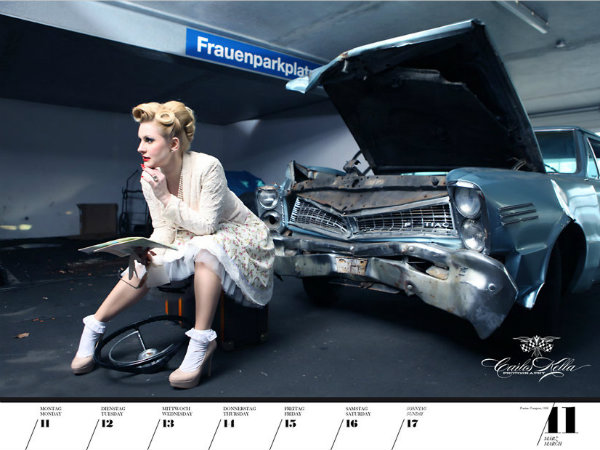 గర్ల్స్ అండ్ లెజెండ్రీ యూఎస్ కార్స్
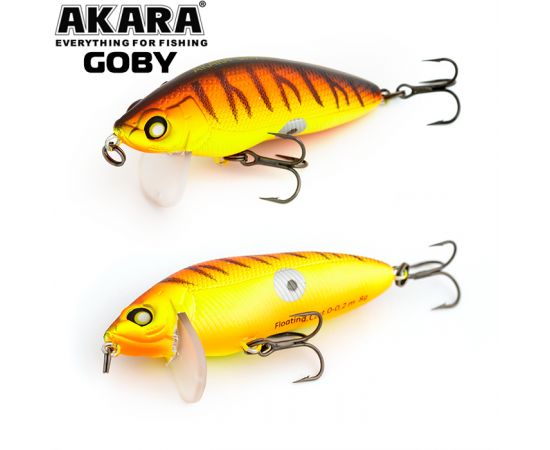 Воблер Akara Goby 65 F цвет A212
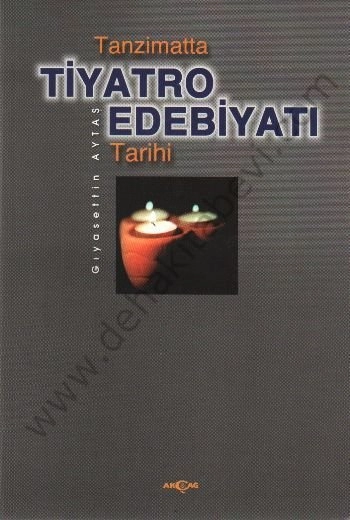 Tanzimatta Tiyatro Edebiyatı Tarihi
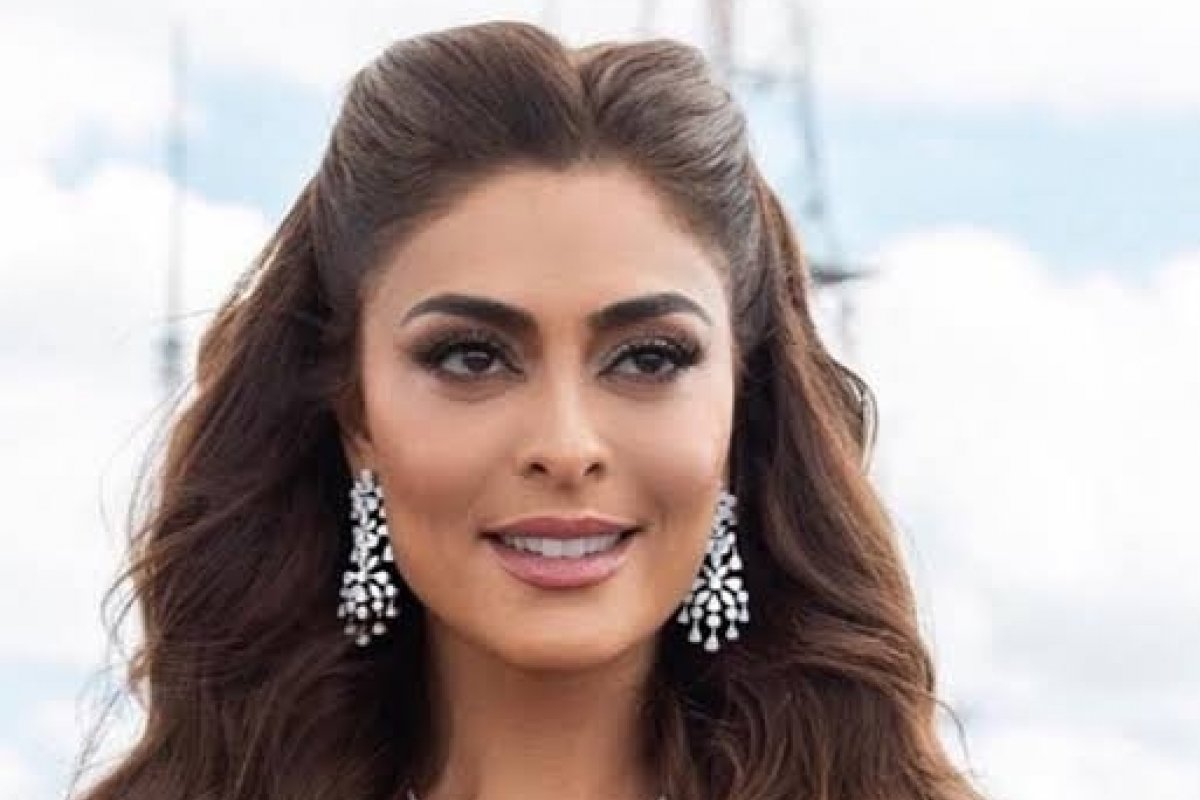 Juliana Paes testa positivo para o coronavírus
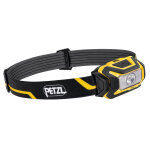 Lampe frontale aria 1 noir - jaune + 3 piles aaa / lr03 petzl e069aa00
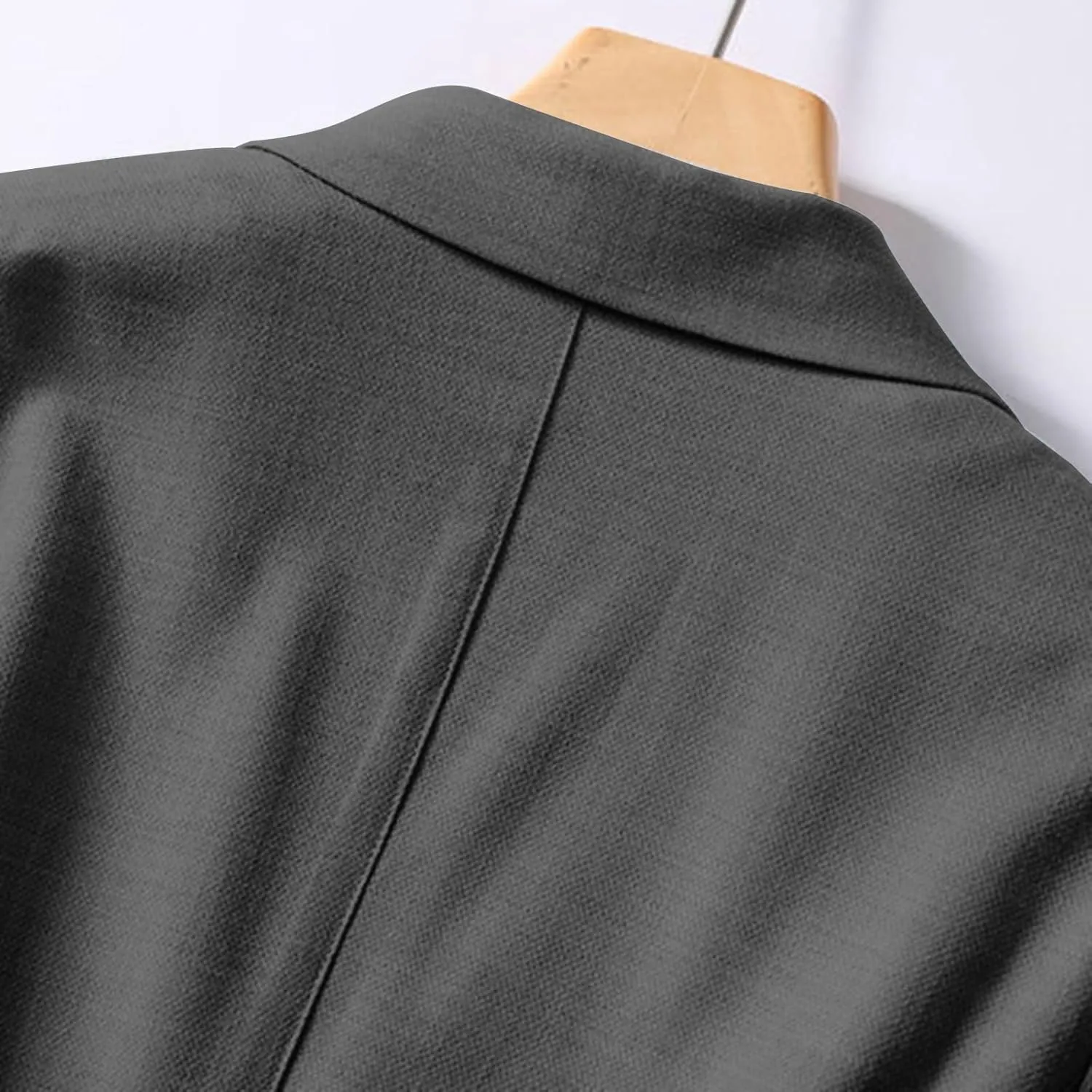 Womens Casual Blazers Long Sleeve Blazer Open Front Cardigan Jacket Work Office Blazer Elegant Casual Work Jacket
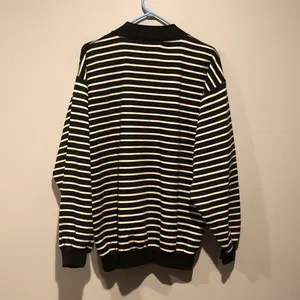 Vintage Sears Roebuck and Co. Striped Crewneck Sweater thumbnail 4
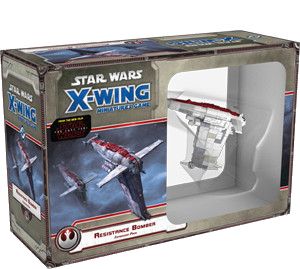 Star Wars: X-Wing Miniatures Game — Resistance Bomber Expansion Pack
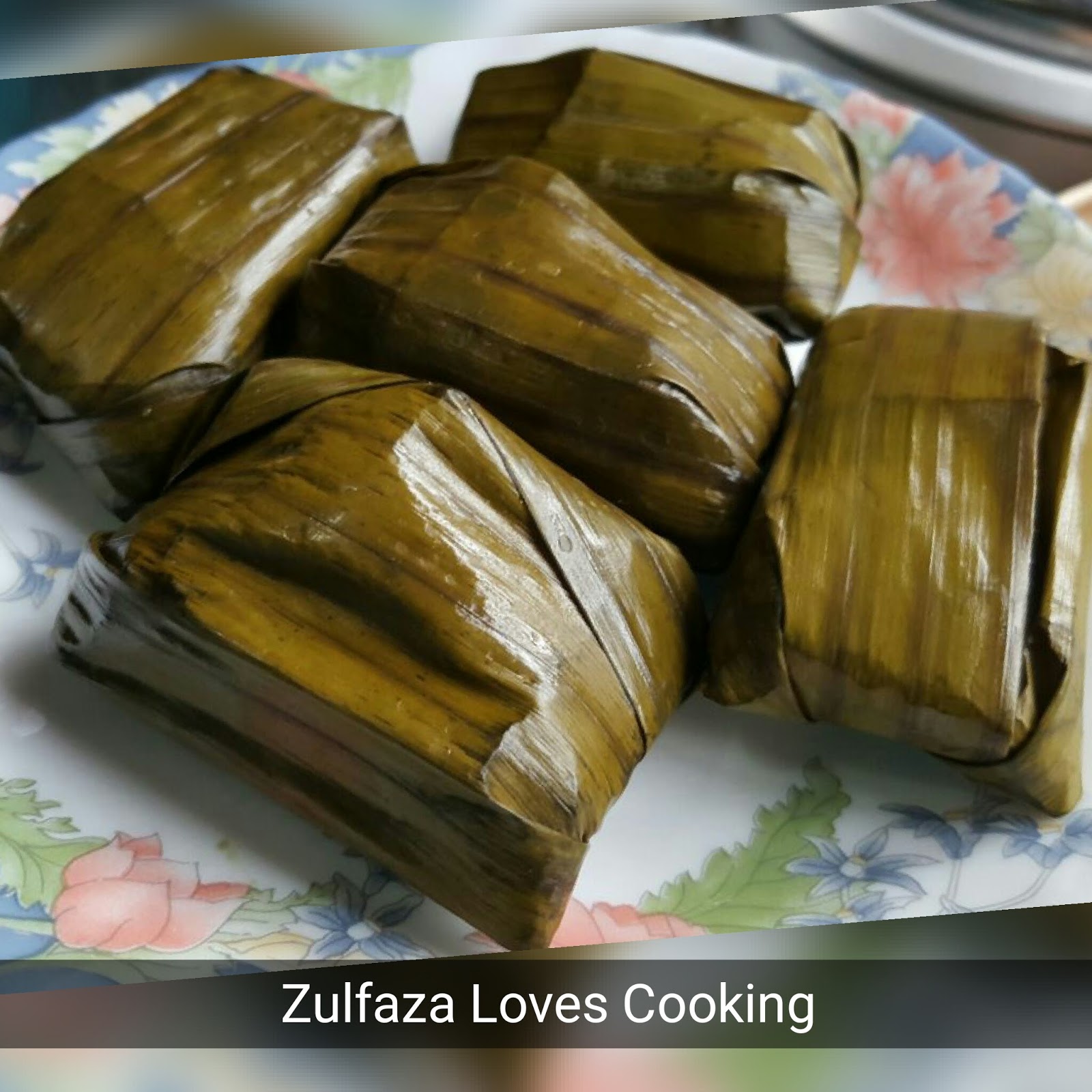 ZULFAZA LOVES COOKING: Kuih Koci Pulut Hitam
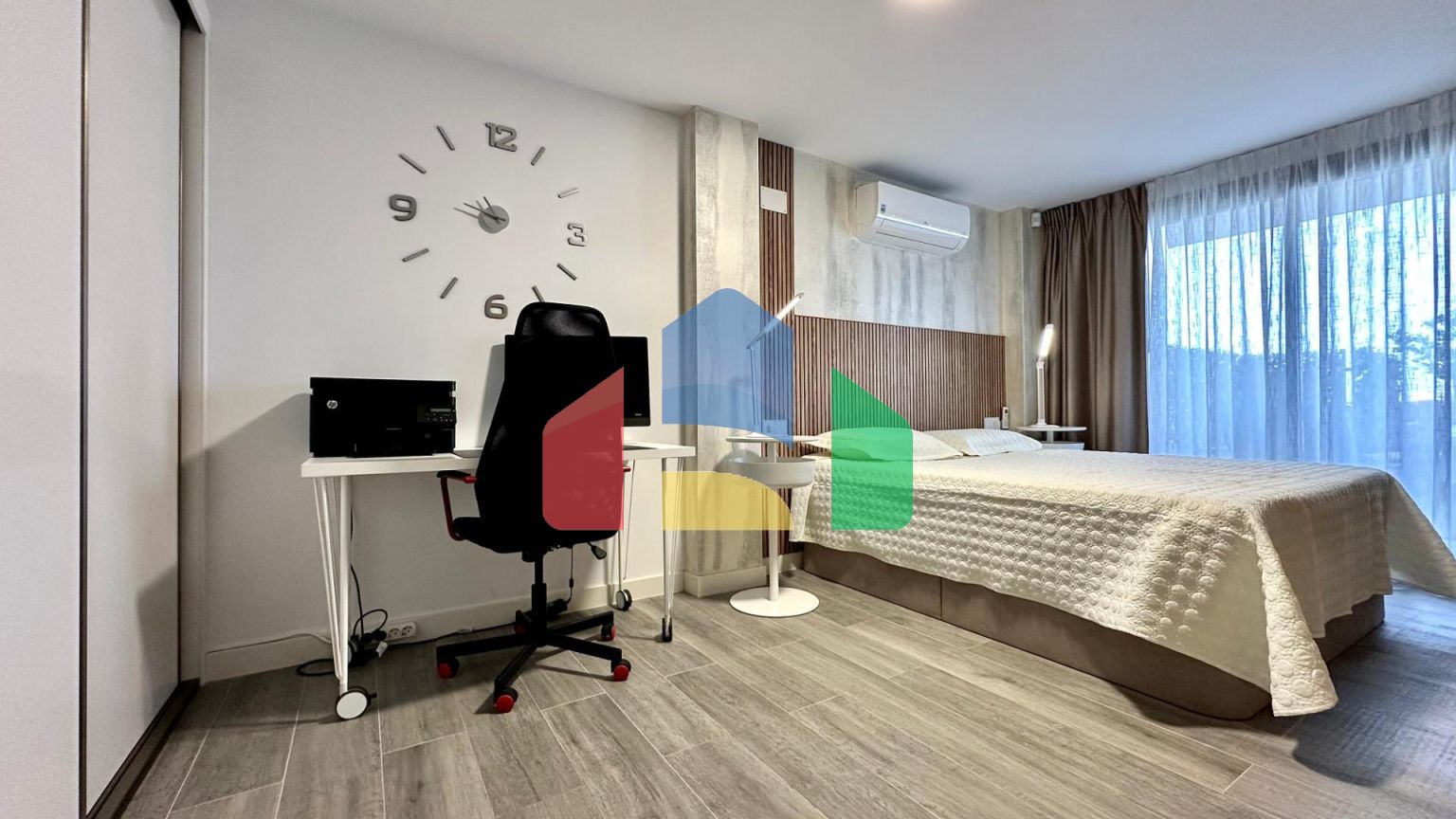 Просторный дуплекс с панорамными видами в CAMPORROSSO VILLAGE, Бенидорм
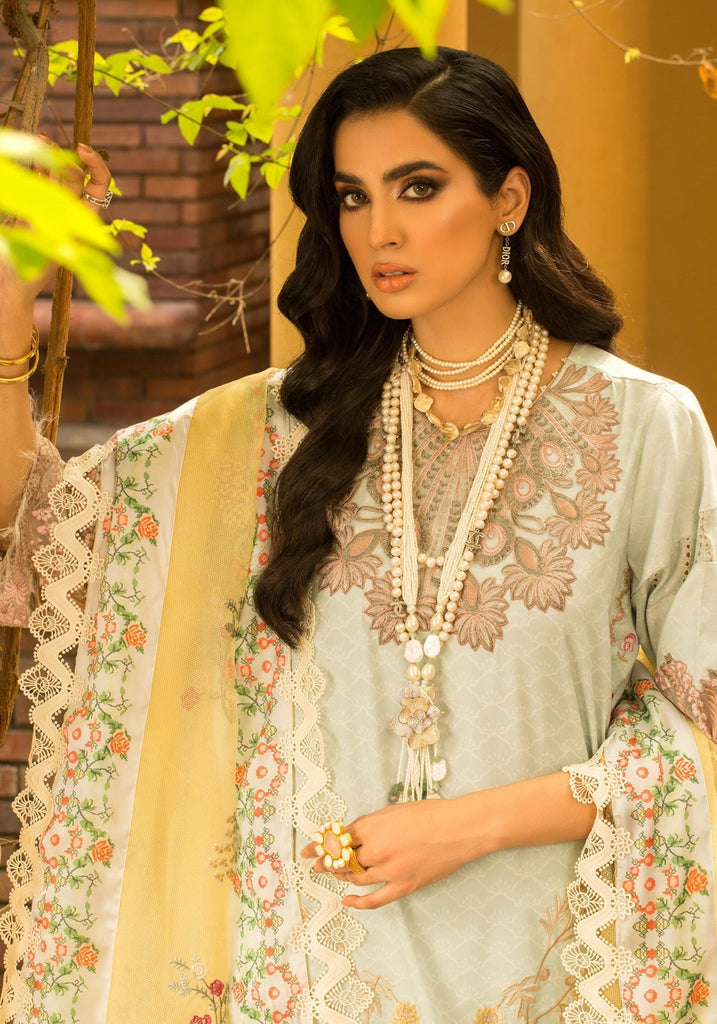 Shiza Hassan Izel Luxury Lawn Collection – 7-A Kazel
=-=-=
§ Task prompt
Skip every picture, and restate word for word only the lines above from the line containing "Воблер Akara Goby 65 F цвет A212" to the line containing "Vintage Sears Roebuck", both of them included.

§ Solution to this exercise
 Воблер Akara Goby 65 F цвет A212
 Tanzimatta Tiyatro Edebiyatı Tarihi
 Juliana Paes testa positivo para o coronavírus
 Lampe frontale aria 1 noir - jaune + 3 piles aaa / lr03 petzl e069aa00
 Womens Casual Blazers Long Sleeve Blazer Open Front Cardigan Jacket Work Office Blazer Elegant Casual Work Jacket
 Vintage Sears Roebuck and Co. Striped Crewneck Sweater thumbnail 4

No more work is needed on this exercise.